### Task brief
Your answer must be the full listing below, repeated exactly.

### Information
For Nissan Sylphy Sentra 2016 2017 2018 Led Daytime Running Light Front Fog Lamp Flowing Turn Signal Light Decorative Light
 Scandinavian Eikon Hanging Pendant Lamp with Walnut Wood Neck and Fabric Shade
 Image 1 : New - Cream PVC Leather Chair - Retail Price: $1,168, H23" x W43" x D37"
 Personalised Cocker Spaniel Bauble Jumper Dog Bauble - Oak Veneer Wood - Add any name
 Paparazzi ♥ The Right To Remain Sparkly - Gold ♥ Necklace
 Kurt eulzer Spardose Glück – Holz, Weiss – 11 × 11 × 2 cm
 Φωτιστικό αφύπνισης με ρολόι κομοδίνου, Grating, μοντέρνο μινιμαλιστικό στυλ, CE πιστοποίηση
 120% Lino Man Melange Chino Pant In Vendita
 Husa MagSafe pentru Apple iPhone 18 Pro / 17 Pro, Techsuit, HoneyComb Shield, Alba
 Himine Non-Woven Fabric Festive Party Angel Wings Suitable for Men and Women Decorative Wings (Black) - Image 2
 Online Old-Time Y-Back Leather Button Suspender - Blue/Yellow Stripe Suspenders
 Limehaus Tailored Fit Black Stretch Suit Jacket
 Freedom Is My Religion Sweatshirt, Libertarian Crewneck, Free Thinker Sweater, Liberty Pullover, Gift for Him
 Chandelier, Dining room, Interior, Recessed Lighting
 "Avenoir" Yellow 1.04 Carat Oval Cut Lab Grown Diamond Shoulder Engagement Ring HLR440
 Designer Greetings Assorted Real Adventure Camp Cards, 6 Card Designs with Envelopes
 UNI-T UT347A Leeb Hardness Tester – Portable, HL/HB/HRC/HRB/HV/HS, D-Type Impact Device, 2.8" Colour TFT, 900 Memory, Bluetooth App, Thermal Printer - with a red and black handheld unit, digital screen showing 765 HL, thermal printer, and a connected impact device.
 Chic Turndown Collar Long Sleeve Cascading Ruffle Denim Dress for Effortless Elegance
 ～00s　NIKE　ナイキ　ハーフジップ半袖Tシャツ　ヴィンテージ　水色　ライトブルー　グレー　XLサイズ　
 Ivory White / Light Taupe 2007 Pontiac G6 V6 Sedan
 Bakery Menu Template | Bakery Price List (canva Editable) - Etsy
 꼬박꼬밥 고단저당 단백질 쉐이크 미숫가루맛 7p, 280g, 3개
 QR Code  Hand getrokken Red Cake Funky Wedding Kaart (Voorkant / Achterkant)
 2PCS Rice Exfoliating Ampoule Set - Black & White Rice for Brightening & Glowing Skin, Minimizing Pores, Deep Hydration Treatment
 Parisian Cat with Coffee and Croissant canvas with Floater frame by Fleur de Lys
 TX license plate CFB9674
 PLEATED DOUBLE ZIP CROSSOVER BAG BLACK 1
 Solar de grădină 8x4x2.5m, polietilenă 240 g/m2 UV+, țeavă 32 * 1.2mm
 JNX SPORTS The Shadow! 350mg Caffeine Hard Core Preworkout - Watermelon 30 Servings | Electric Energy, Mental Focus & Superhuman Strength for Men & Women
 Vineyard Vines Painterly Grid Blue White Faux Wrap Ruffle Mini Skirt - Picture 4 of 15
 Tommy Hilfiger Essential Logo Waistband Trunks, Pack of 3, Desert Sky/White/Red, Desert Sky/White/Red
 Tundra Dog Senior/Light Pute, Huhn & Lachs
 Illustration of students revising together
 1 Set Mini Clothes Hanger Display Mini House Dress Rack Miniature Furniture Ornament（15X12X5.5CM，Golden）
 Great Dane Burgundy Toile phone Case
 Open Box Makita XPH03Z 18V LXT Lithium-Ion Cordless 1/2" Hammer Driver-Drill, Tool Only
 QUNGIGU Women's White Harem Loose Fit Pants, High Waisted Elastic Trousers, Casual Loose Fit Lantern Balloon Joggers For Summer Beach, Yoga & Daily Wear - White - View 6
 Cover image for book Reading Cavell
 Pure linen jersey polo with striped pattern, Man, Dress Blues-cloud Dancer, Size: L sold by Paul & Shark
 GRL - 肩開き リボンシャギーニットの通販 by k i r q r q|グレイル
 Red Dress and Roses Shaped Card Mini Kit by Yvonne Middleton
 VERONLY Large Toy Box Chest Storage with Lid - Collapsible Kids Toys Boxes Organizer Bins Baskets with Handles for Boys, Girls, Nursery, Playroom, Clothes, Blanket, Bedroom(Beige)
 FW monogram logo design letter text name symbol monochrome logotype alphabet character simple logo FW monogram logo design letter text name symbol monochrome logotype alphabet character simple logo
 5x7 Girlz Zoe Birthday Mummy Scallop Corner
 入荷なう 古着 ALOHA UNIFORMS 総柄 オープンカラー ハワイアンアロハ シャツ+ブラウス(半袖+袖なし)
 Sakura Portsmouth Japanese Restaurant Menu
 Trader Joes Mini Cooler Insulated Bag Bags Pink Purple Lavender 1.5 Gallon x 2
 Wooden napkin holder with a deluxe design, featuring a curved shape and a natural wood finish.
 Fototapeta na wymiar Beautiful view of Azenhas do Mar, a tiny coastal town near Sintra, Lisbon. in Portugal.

### Final answer
For Nissan Sylphy Sentra 2016 2017 2018 Led Daytime Running Light Front Fog Lamp Flowing Turn Signal Light Decorative Light
 Scandinavian Eikon Hanging Pendant Lamp with Walnut Wood Neck and Fabric Shade
 Image 1 : New - Cream PVC Leather Chair - Retail Price: $1,168, H23" x W43" x D37"
 Personalised Cocker Spaniel Bauble Jumper Dog Bauble - Oak Veneer Wood - Add any name
 Paparazzi ♥ The Right To Remain Sparkly - Gold ♥ Necklace
 Kurt eulzer Spardose Glück – Holz, Weiss – 11 × 11 × 2 cm
 Φωτιστικό αφύπνισης με ρολόι κομοδίνου, Grating, μοντέρνο μινιμαλιστικό στυλ, CE πιστοποίηση
 120% Lino Man Melange Chino Pant In Vendita
 Husa MagSafe pentru Apple iPhone 18 Pro / 17 Pro, Techsuit, HoneyComb Shield, Alba
 Himine Non-Woven Fabric Festive Party Angel Wings Suitable for Men and Women Decorative Wings (Black) - Image 2
 Online Old-Time Y-Back Leather Button Suspender - Blue/Yellow Stripe Suspenders
 Limehaus Tailored Fit Black Stretch Suit Jacket
 Freedom Is My Religion Sweatshirt, Libertarian Crewneck, Free Thinker Sweater, Liberty Pullover, Gift for Him
 Chandelier, Dining room, Interior, Recessed Lighting
 "Avenoir" Yellow 1.04 Carat Oval Cut Lab Grown Diamond Shoulder Engagement Ring HLR440
 Designer Greetings Assorted Real Adventure Camp Cards, 6 Card Designs with Envelopes
 UNI-T UT347A Leeb Hardness Tester – Portable, HL/HB/HRC/HRB/HV/HS, D-Type Impact Device, 2.8" Colour TFT, 900 Memory, Bluetooth App, Thermal Printer - with a red and black handheld unit, digital screen showing 765 HL, thermal printer, and a connected impact device.
 Chic Turndown Collar Long Sleeve Cascading Ruffle Denim Dress for Effortless Elegance
 ～00s　NIKE　ナイキ　ハーフジップ半袖Tシャツ　ヴィンテージ　水色　ライトブルー　グレー　XLサイズ　
 Ivory White / Light Taupe 2007 Pontiac G6 V6 Sedan
 Bakery Menu Template | Bakery Price List (canva Editable) - Etsy
 꼬박꼬밥 고단저당 단백질 쉐이크 미숫가루맛 7p, 280g, 3개
 QR Code  Hand getrokken Red Cake Funky Wedding Kaart (Voorkant / Achterkant)
 2PCS Rice Exfoliating Ampoule Set - Black & White Rice for Brightening & Glowing Skin, Minimizing Pores, Deep Hydration Treatment
 Parisian Cat with Coffee and Croissant canvas with Floater frame by Fleur de Lys
 TX license plate CFB9674
 PLEATED DOUBLE ZIP CROSSOVER BAG BLACK 1
 Solar de grădină 8x4x2.5m, polietilenă 240 g/m2 UV+, țeavă 32 * 1.2mm
 JNX SPORTS The Shadow! 350mg Caffeine Hard Core Preworkout - Watermelon 30 Servings | Electric Energy, Mental Focus & Superhuman Strength for Men & Women
 Vineyard Vines Painterly Grid Blue White Faux Wrap Ruffle Mini Skirt - Picture 4 of 15
 Tommy Hilfiger Essential Logo Waistband Trunks, Pack of 3, Desert Sky/White/Red, Desert Sky/White/Red
 Tundra Dog Senior/Light Pute, Huhn & Lachs
 Illustration of students revising together
 1 Set Mini Clothes Hanger Display Mini House Dress Rack Miniature Furniture Ornament（15X12X5.5CM，Golden）
 Great Dane Burgundy Toile phone Case
 Open Box Makita XPH03Z 18V LXT Lithium-Ion Cordless 1/2" Hammer Driver-Drill, Tool Only
 QUNGIGU Women's White Harem Loose Fit Pants, High Waisted Elastic Trousers, Casual Loose Fit Lantern Balloon Joggers For Summer Beach, Yoga & Daily Wear - White - View 6
 Cover image for book Reading Cavell
 Pure linen jersey polo with striped pattern, Man, Dress Blues-cloud Dancer, Size: L sold by Paul & Shark
 GRL - 肩開き リボンシャギーニットの通販 by k i r q r q|グレイル
 Red Dress and Roses Shaped Card Mini Kit by Yvonne Middleton
 VERONLY Large Toy Box Chest Storage with Lid - Collapsible Kids Toys Boxes Organizer Bins Baskets with Handles for Boys, Girls, Nursery, Playroom, Clothes, Blanket, Bedroom(Beige)
 FW monogram logo design letter text name symbol monochrome logotype alphabet character simple logo FW monogram logo design letter text name symbol monochrome logotype alphabet character simple logo
 5x7 Girlz Zoe Birthday Mummy Scallop Corner
 入荷なう 古着 ALOHA UNIFORMS 総柄 オープンカラー ハワイアンアロハ シャツ+ブラウス(半袖+袖なし)
 Sakura Portsmouth Japanese Restaurant Menu
 Trader Joes Mini Cooler Insulated Bag Bags Pink Purple Lavender 1.5 Gallon x 2
 Wooden napkin holder with a deluxe design, featuring a curved shape and a natural wood finish.
 Fototapeta na wymiar Beautiful view of Azenhas do Mar, a tiny coastal town near Sintra, Lisbon. in Portugal.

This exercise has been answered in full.